Directions
Look below for the line with "Blackmagicdesign Blackmagic Pocket". Retype it and every line after it to the end, exactly, but leave out the pictures.

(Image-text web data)

· · · · · · ·

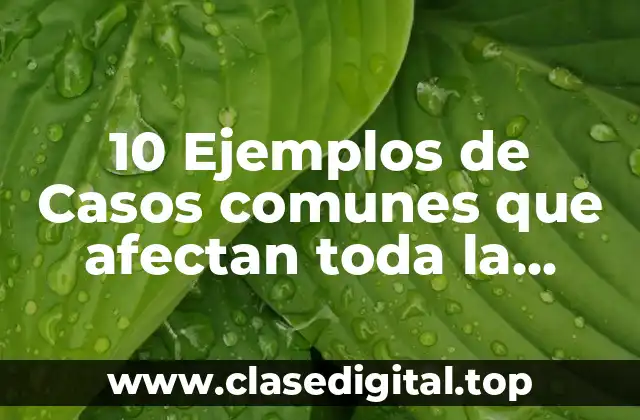 10 Ejemplos de Casos comunes que afectan toda la sociedad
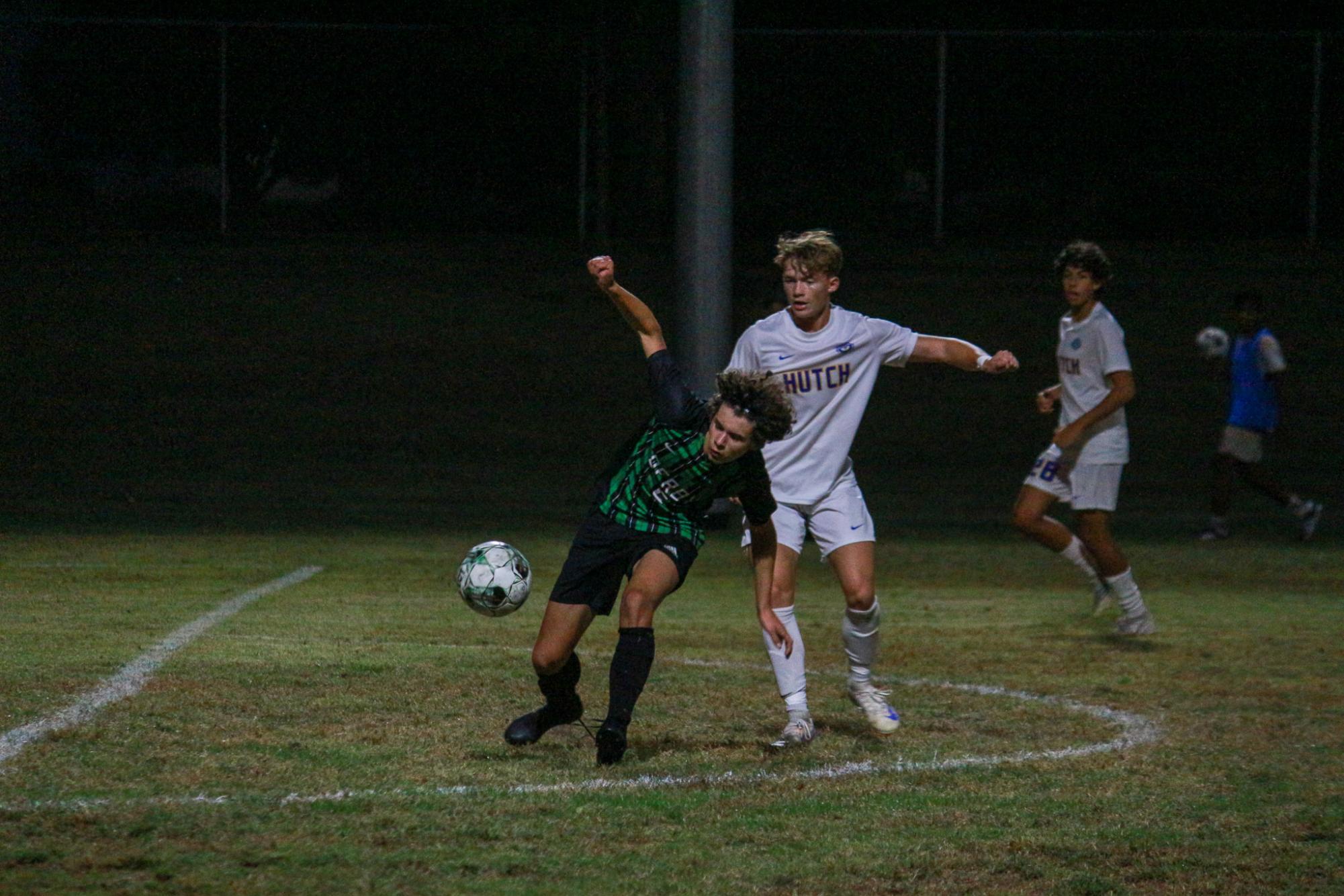 Varsity boys soccer vs. Hutch (Photos by Delainey Stephenson)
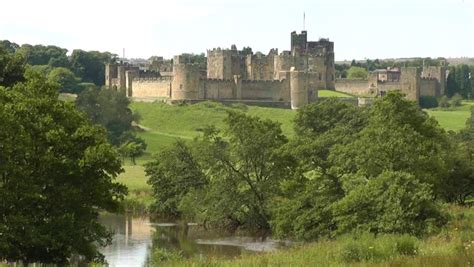 Alnwick Castle, Home Of The Duke Of Northumberland, It Is The Second ...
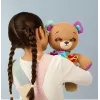 Interaktywna maskotka pluszowa Cobi Thready Bear — zabawka aktywowana ruchem z dźwiękiem i czujnikami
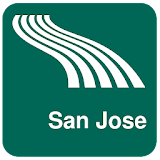 San Jose Map offline icon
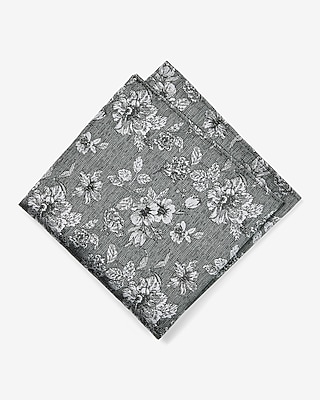 Textured Floral Pocket Square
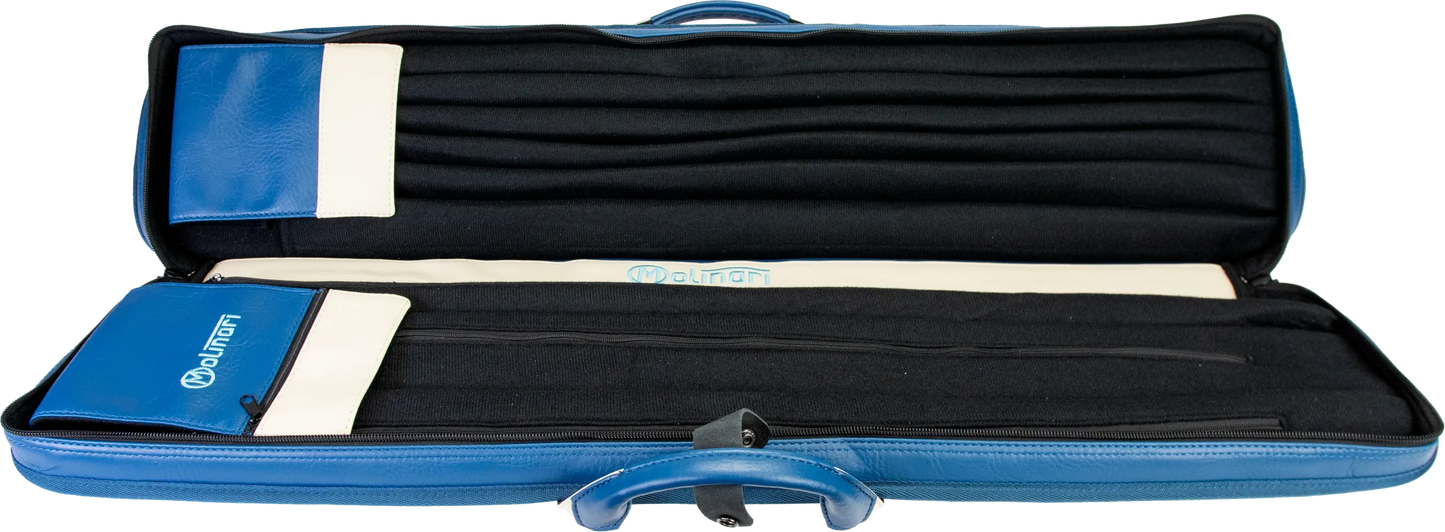 Molinari® Retro Cue Bag Blue/Beige 3B/6S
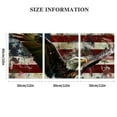 thumbnail image 3 of Shadudu American Flag Bald Eagle Canvas Wall Decor for Bedroom Living Room Home Office Ready to Hang - Set of 3 Triptych Artwork 12x16 Inches 12"x16"x3pcs, 3 of 6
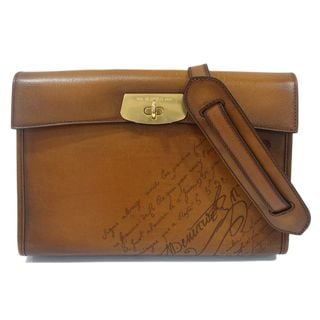 �ڱɡۡ�BERLUTI�ۥ٥��åƥ� ���ߡ��� 2WAY�Хå� ������åȥ쥶�� �֥饦�� ���������Хå� �ϥ�ɥХå� ��󥺡���š�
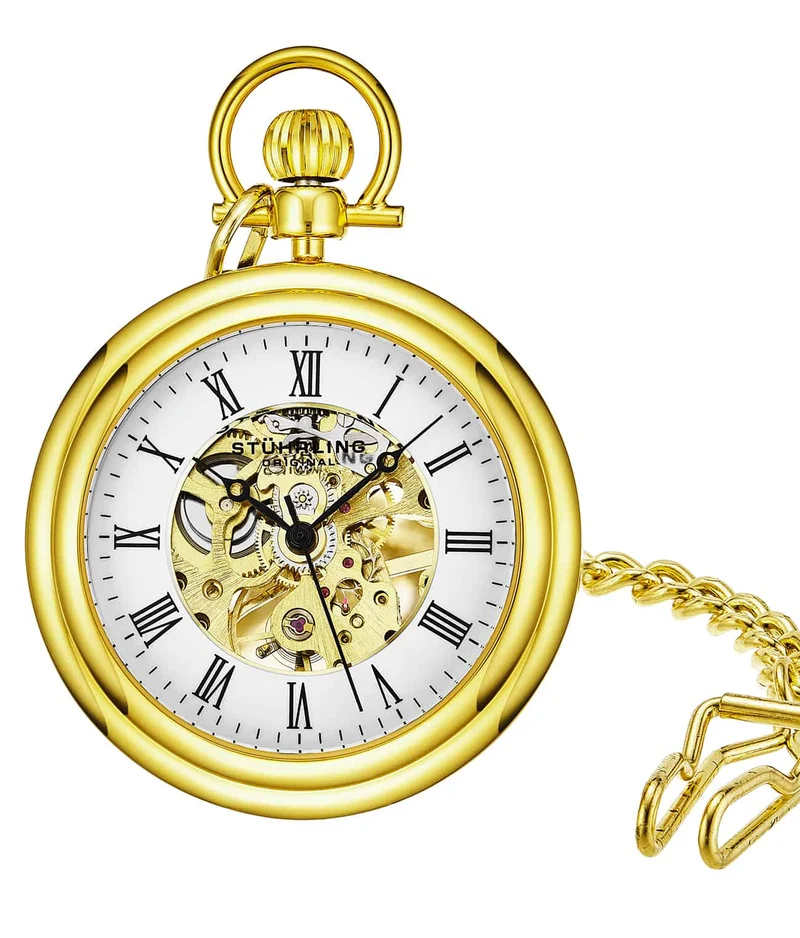 Stührling Vintage 6053 Hand-wind 47mm Skeleton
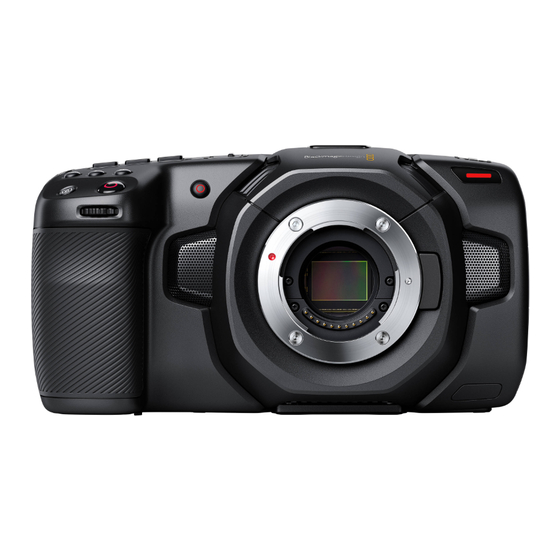 Blackmagicdesign Blackmagic Pocket Quick Manual & Notes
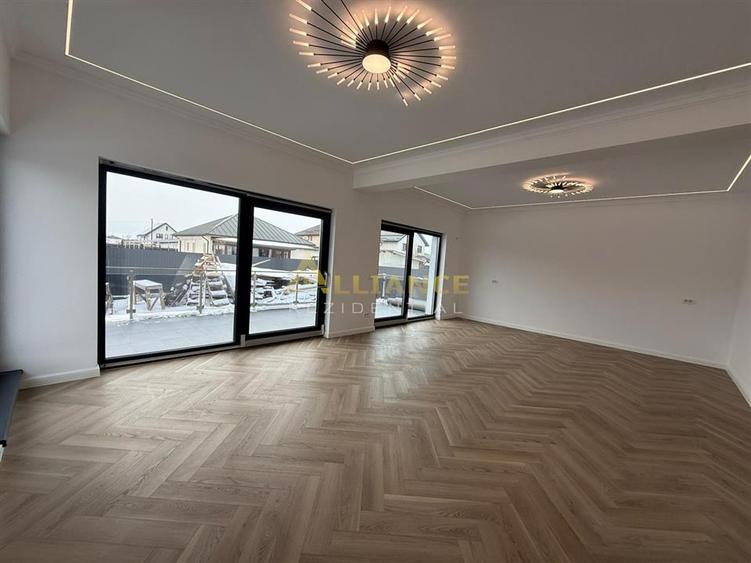 <Casa individuala cu finisaje de lux> 4 camere 3 bai + dressing teren 540mp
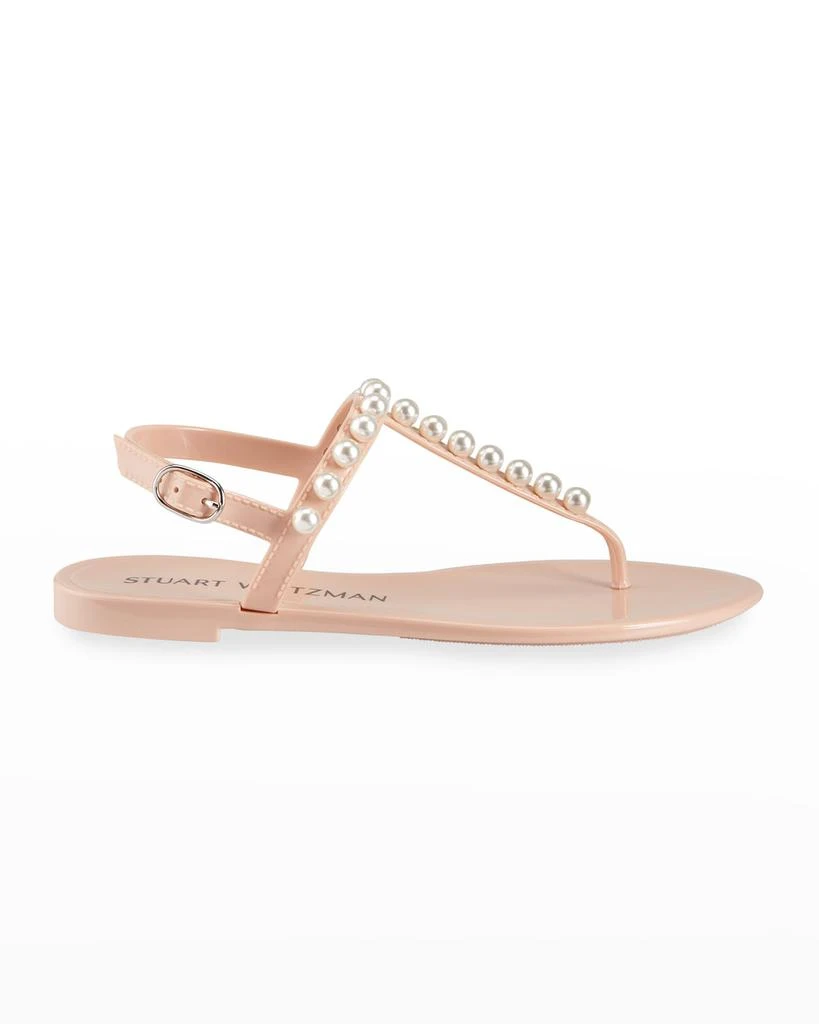 商品Stuart Weitzman|Goldie Pearly Stud Jelly Sandals,价格¥1125,第1张图片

· · · · · · ·

Response
 Blackmagicdesign Blackmagic Pocket Quick Manual & Notes
 <Casa individuala cu finisaje de lux> 4 camere 3 bai + dressing teren 540mp
 商品Stuart Weitzman|Goldie Pearly Stud Jelly Sandals,价格¥1125,第1张图片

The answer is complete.